PTV Sports HD
- Type: Sports
- Country: Pakistan
- Broadcast area: Pakistan Central Asia China Hong Kong Laos Macau Mongolia Myanmar South Asia Western Asia Middle East North America Africa
- Network: Pakistan Television Corporation
- Headquarters: Islamabad, Pakistan

Programming
- Languages: Urdu; English;
- Picture format: 1080p, MPEG-4, 16:9, HDTV)

Ownership
- Owner: Government of Pakistan
- Sister channels: AJK TV SD; PTV Bolan SD; PTV Global SD; PTV Home HD; PTV News HD; PTV National HD; PTV World SD;

History
- Launched: January 12, 2012; 14 years ago

= PTV Sports =

Pakistani state-owned sports TV channel

PTV Sports HD is a 24-hour state-owned sports channel operated by the Pakistan Television Corporation (PTV).

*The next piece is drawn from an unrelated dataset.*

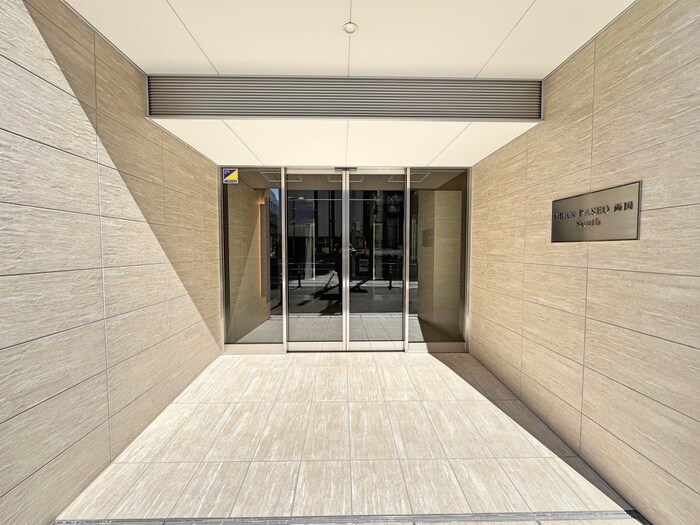 物件外観写真2　(エントランス部分)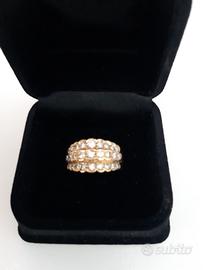 anello con diamanti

PTV Sports was founded as a sports division of the PTV in the 1970s. It was licensed as a stand-alone sports channel in January 2012. It broadcasts cricket, football, hockey, snooker, and tennis events in Pakistan.

==History==
Since becoming a PTV division in the 1970s, PTV Sports has faced multiple disputes over broadcast rights.

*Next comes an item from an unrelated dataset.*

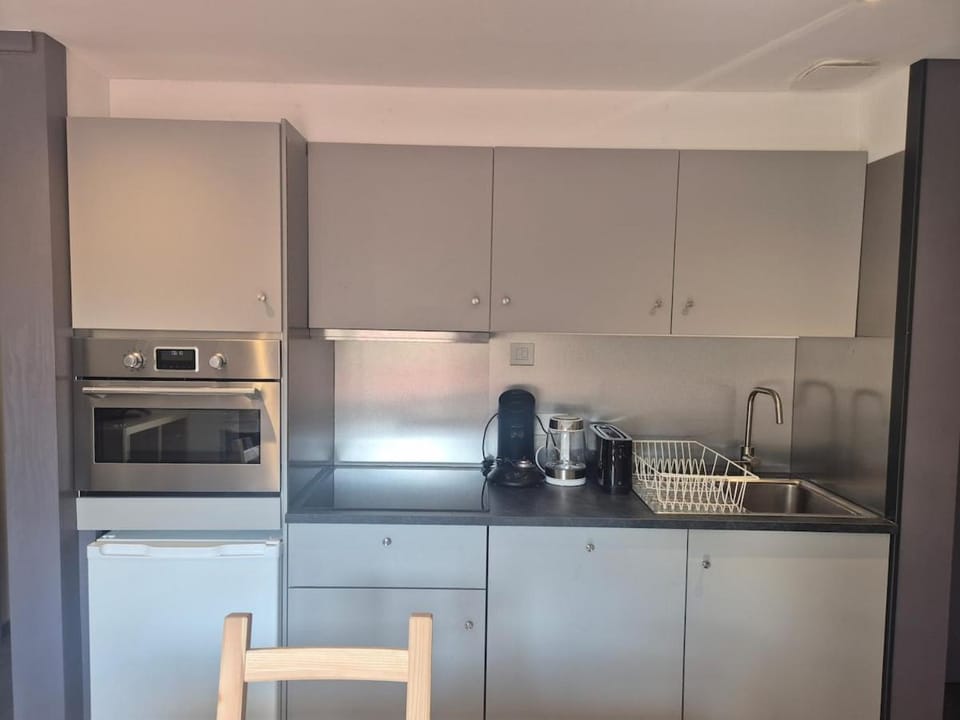 Kitchen or kitchenette, microwave, oven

In 2003, a dispute occurred when the Pakistan Cricket Board (PCB) awarded the broadcasting rights for a Pakistan-New Zealand series to Geo TV via a competitive bidding process. PTV Sports challenged the process's fairness, leading to intervention by the Pakistan Electronic Media Regulatory Authority (PEMRA) which resulted in Geo TV being denied uplink permissions, and the first One Day International (ODI) in Lahore was not televised. This was the first incident since 2007 that an international cricket match of Pakistan national cricket team was not broadcast in Pakistan. The conflict was resolved when the President of Pakistan, also serving as PCB's patron-in-chief, facilitated a joint broadcast agreement for the subsequent matches.

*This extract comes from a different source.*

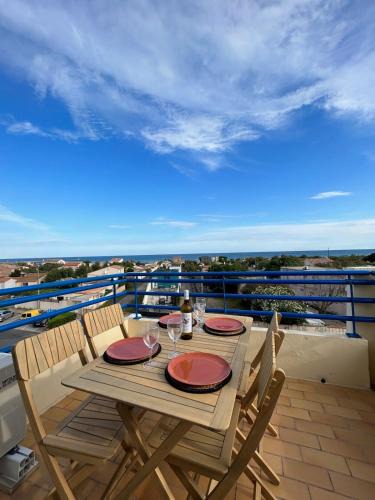Frontignan Apartment | 180 panoramic terrace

PTV Sports has also faced challenges securing broadcast rights for cricket events due to financial constraints or limited commercial interest. Notably, PTV Sports did not broadcast the 2007 ICC World Twenty20, the 2009 Pakistan-Australia Test series, and the 2013 cricket series against Sri Lanka and South Africa, all hosted in the United Arab Emirates. The Senate Committee on Information and Broadcasting criticized these omissions. To address public access issues, the PCB now requires successful broadcasting rights bidders to share the feed with PTV at a set price.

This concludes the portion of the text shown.